April 30, 2025

用本地gpt-oss-120b驱动DEVONthink, Brave, ShellGPT, Raycast, BBEdit

[2025年8月更新，切换到本地gpt-oss-120b模型]

[2025年7月更新，添加Claude Code写代码]

[2025年6月更新，添加DEVONthink 4分析论文]

这篇文章展示如何用LM Studio在Apple M4 Max和128GB内存的MacBook Pro上运行本地gpt-oss-120b模型，用于阅读论文、浏览器、命令行、快捷启动、编辑器和写代码，AI无处不在。

硬件环境 Link to this section

Apple M4 Max处理器采用统一内存架构，与传统GPU-CPU分离设计形成鲜明对比。统一架构将内存整合于同一芯片，CPU和GPU直接共享内存空间，消除了组件间的数据复制环节。这种设计本质上消除了PCI-E带宽瓶颈，显著降低了数据传输开销，直接提升模型运算速度。

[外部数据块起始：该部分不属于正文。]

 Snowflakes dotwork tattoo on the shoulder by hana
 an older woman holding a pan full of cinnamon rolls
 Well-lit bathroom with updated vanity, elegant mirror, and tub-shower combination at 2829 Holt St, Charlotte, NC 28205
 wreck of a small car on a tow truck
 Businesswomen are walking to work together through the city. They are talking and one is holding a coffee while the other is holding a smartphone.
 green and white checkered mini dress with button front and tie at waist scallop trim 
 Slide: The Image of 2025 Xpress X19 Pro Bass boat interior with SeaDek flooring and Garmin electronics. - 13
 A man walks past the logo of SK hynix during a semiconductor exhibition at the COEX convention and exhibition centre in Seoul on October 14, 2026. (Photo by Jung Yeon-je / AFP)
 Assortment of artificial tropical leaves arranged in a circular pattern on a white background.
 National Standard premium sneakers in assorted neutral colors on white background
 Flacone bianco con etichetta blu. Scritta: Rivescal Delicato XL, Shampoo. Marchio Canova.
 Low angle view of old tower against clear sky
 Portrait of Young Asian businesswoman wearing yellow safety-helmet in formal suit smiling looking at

Apple M4 Max提供高达546GB/s的内存带宽，这种超高带宽使得大规模模型推理时的数据吞吐不再受限，显著减少了GPU等待数据的时间，进一步提升了推理性能。

MLX是Apple专为Silicon芯片开发的机器学习框架，特点是直接利用神经网络加速器，为本地LLM提供高性能支持。这不是普通的框架移植，而是从芯片架构层面优化的解决方案。

配备128GB统一内存的M4 Max可实现120B参数量FP4模型的近实时响应。MLX格式模型在此环境下完全依靠GPU加速，CPU资源占用极低，这对整机散热和能耗控制具有显著意义。

相同显存容量下，Apple Silicon处理LLM任务的效率优于传统独立GPU架构（如RTX 5090），主要受益于统一内存架构减少的数据传输环节，提高了计算管线效率。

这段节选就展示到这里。